From Sandy Lerner being ousted from Cisco, to Steve Jobs exit from Apple Inc., each instance highlights how crucial it is for co-founders to have explicit agreements from the beginning. It not only creates the foundation for setting out the ownership structure but also helps in the decision-making procedures of the company. It helps to avoid and resolve disputes and deadlocks by laying out precise rules for management and dispute resolution. The demarcation of duties, responsibilities, and business operations is outlined in this legal agreement amongst the co-founders. Co-founders must incorporate procedures for rejecting choices and saying no to maintain a positive working relationship. This entails outlining individual roles, creating veto power, and dividing up decision-making authority. The agreement reduces the possibility of disagreements, miscommunications, and power struggles and increases open communication and teamwork among co-founders.
Key Considerations in a Co-Founders’ Agreement
1. Roles and responsibilities
The roles and obligations of each of the co-founders of a venture should be well defined and demarcated in the agreement. The co-founders’ roles and responsibilities can be broadly categorized as follows: operations, marketing, technology development, sales, finance, and administration. Under this clause, each co-founder’s obligations, degrees of authority, and areas of specialty within the business can be outlined. It facilitates the development of a mutually understood agreement among co-founders on their respective roles, duties, and expectations of one another. This further ensures accountability of each of the co-founders towards their respective functions, and help in smooth operations of the venture.

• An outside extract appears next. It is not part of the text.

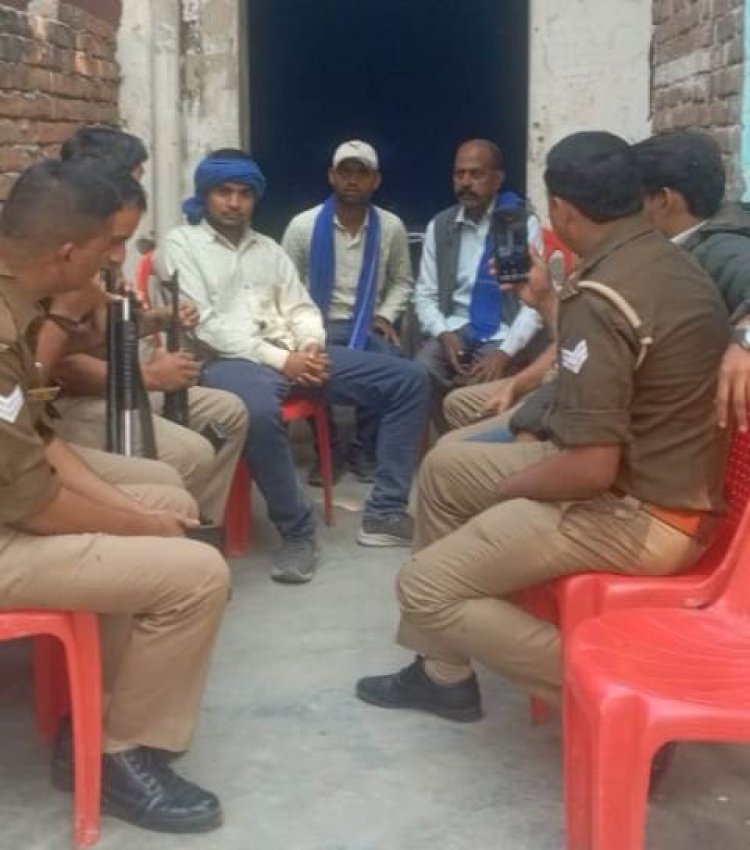 सनातन यात्रा का विरोध कर बागेश्वर बाबा का पुतला फूंकने जा रहे युवक नजरबन्द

2. Equity and ownership distribution
The term “equity ownership” describes the ownership stake in a business, which is commonly represented by shares. This covers the initial allocation of stock as well as any subsequent distributions contingent upon contributions or accomplished milestones. The determination of each co-founder’s equity ownership in the company is based on several variables, including financial investment, expertise, pre-existing intellectual property, industry network, and know-how. Depending on how many shares they own in a company, they are entitled to various benefits, such as percentage of its earnings and assets, ability to vote on corporate decisions, and the possibility of receiving dividends if the company decides to pay out its profits.
3. Vesting
The Founders’ Agreement contains a vesting mechanism that specifies how each founder’s shares will vest, acting as insurance if a co-founder quits or is ousted. There are two common techniques: (i) Time-Based Vesting: The founder’s shares will vest according to how long they worked for the company. If the founder chooses to leave the company before the end of his tenure, the remainder of his shares will be given back to the company. The agreement will specify a period, such as six months or a year, after which the vesting of shares will start (Cliff Period). This method tends to overlook the founder’s performance. (ii) Milestones Vesting: The agreement specifies milestones that must be met for shares to vest, with a focus on founder’s performance. The shares allotted to a founder who leaves the company before a milestone is reached are returned to the company.

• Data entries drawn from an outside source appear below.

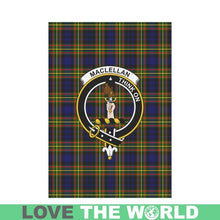 Load image into Gallery viewer, Maclellan Tartan Flag Clan Badge K7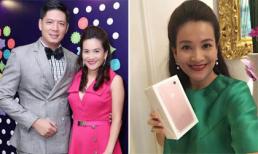 Vợ Bình Minh khoe được chồng tặng iphone 7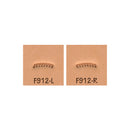 Pictorial Fir/Spruce F912-L F912-R 2-Piece Leather Stamp Set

4. Intellectual property ownership
This addresses matters about the ownership of intellectual property (IP), ensuring that any innovations, inventions, and creations developed by individuals within a company during or before their tenure becomes the company’s property rather than the individual’s. It’s typical for founders to own patents, trademarks, and other intellectual property at first, but these should eventually be transferred to their company in the event such intellectual property is used for the operations or development of the company. Intellectual properties have direct implication on the company’s valuation, and thereby, it is imperative to ensure that the intellectual properties are rightly held/owned by the company. Joint IP ownership between the founders and the business may be considered in specialized industries under certain circumstances.
5. Future financing
The co-founders’ agreement should specify exactly how each of the founders will provide additional funding to help the company expand. This means specifying whether the funding will come from debt or equity, and the timeline within which such additional financing shall be made. It should describe the interest rate that the company must pay on debt and the method of valuation for equity.

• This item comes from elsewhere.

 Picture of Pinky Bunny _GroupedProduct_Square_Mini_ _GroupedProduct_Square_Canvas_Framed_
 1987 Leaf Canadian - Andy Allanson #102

6. Management and decision-making rights
This section outlines the roles and responsibilities of each co-founder, including who will be responsible for making key business decisions. How basic and significant decisions are exercised has to be stated in the agreement. In addition, the composition of the company’s board of directors shall be set out. The process that the business must follow in the case of a deadlock in decision-making must also be specified in the agreement.
7. Transfer Restrictions
It is important to include in the agreement the rights and limitations of the founder and their capacity to transfer the company’s shares. This contains a method for a co-founder who wishes to leave before his term ends, as well as a lock-in clause that specifies a timeframe during which co-founders cannot transfer their shares. It is also necessary to specify how shares will be valued as well as the anti-dilution rights attached to them. A right of first refusal may be granted to the co-founders to keep outsiders from acquiring large stakes in the venture. In the matter of Kirloskar Ebara Pumps Limited and Ors. v. Riverdale Infrastructures Private Limited.[1], it was maintained that the law restricting the transfer of shares applies whether the company is public or private. Although the general principle allows shares of a public company to be freely transferable, there is no legal barrier preventing shareholders from agreeing to pre-emption clauses such as the right of first refusal.
8. Employment
It is usually assumed in a co-founder agreement that co-founders work full-time for the company. Every co-founder’s designation and the specifics of their employment, including compensation, benefits, and reimbursement policies, must be included in the co-founder agreement. A separate employment contract should be drafted to clarify specific employment terms and perks for each co-founder. The right of the founders to attest the company’s legal papers, such as contracts, cheques, etc., must also be included in the clause. Furthermore, clarity on the ESOP pool and the consequent and proportionate dilution of co-founders should be included in the co-founders’ agreement.
9. Non-compete
The non-compete clause is a crucial part of the agreement because it (i) guarantees that founders will commit all of their working hours to their role in the company and not take on other business ventures; (ii) prohibits the co-founder who has resigned from the company from approaching any of the company’s clients; and (iii) forbids founders from working in any capacity in a competing business for a term that should be explicitly defined in the agreement after they leave the company. There has to be a clear definition of what constitutes “conflicting disputes.” Any agreement that prevents someone from engaging in a legitimate trade, company, or profession is void[2]. Indian courts have taken steps to ensure that these agreements do not adversely affect workers once their employment ends, as these agreements are sometimes necessary from a business standpoint. The court held in Gujarat Bottling Company Ltd. v. Coca-Cola Co.[3], that non-compete clauses in franchise agreements are often essential for the efficient distribution of goods. Since these clauses serve the lawful goal of ensuring efficient distribution, they are not regarded as acts that restrict trade.
10. Confidentiality
It is essential for safeguarding private data, maintaining an edge over competitors, and ensuring legal compliance. Due to their close relationship with the company, the founders are privy to a great deal of private information, some of which may qualify as trade secrets. Contractually, the founders should not be allowed to reveal any private information that they have learned while working for the company, as this could seriously damage the company’s operations and valuation.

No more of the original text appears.